Verification & Observability

Confirm enforcement at two levels: the individual write and the replication job. For a single write, assert the status code and the echoed reason. For the pipeline, watch doc_write_failures on the job and confirm its state stays running — a healthy VDU rejects documents without ever failing the job:

# per-job: docs_written should rise for good docs, doc_write_failures for rejected ones
curl -s http://localhost:5984/_scheduler/docs | \
  python3 -c "import sys,json;[print(d['id'],d['state'],d['info'].get('docs_written'),d['info'].get('doc_write_failures')) for d in json.load(sys.stdin)['docs']]"

# grep the log to see WHICH documents were rejected and why
grep -E "forbidden|unauthorized" /var/log/couchdb/couch.log | tail -n 20

A correctly filtered pipeline shows a steady docs_written, a doc_write_failures count that matches the number of bad documents at the source, and a state of running throughout.
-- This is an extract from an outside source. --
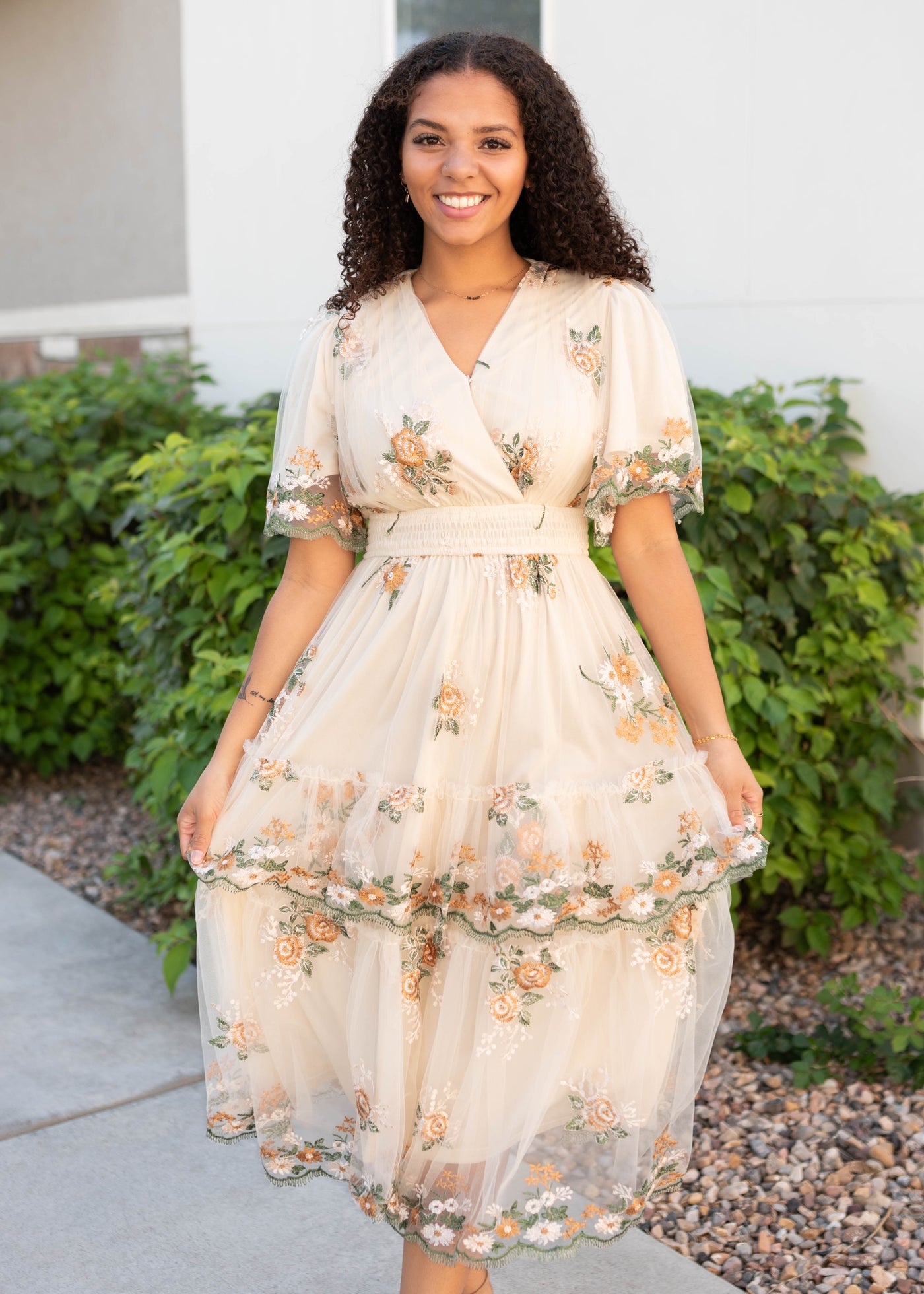 Embroidered wild flower taupe dress with elastic waist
If instead the job flips to crashing or docs_written freezes at zero, the VDU is throwing on valid data — re-read the logged reason, and if it is opaque, the function itself has a bug rather than a policy that is too strict. To limit what even reaches the target, pair the VDU with source-side selective replication: a replication filter function or a Mango selector on the job drops documents before they cross the wire, so the VDU only has to police what genuinely arrives.

FAQ

Does validate_doc_update run on documents that arrive through replication?

Yes. Replication writes into the same storage path as a direct client PUT, so the target database’s VDU is invoked for every replicated document. If it throws, that one document is skipped and counted in the job’s doc_write_failures, but the replication job does not fail and continues with the next change. This is exactly why the target is the right place to enforce write policy — the source cannot be trusted to have done it.

What is the difference between throw({forbidden}) and throw({unauthorized})?

throw({forbidden: 'reason'}) yields HTTP 403 and means “you are authenticated but this write is not allowed” — use it for schema violations and content-level policy. throw({unauthorized: 'reason'}) yields HTTP 401 and means “you are not authenticated as someone permitted to do this” — use it for the userCtx.roles gate. During replication both simply cause the document to be skipped; the distinction matters most for interactive clients reading the status code.

Can I use a VDU to replicate only a subset of documents?

Not directly — a VDU only accepts or rejects writes at the target, it does not decide what the source sends. To limit which documents cross the wire in the first place, attach a replication filter function or a Mango selector to the replication job, which evaluates on the source and skips non-matching documents before transfer. Use selective replication to reduce traffic and the VDU to enforce policy on whatever still arrives; the two are complementary, not alternatives.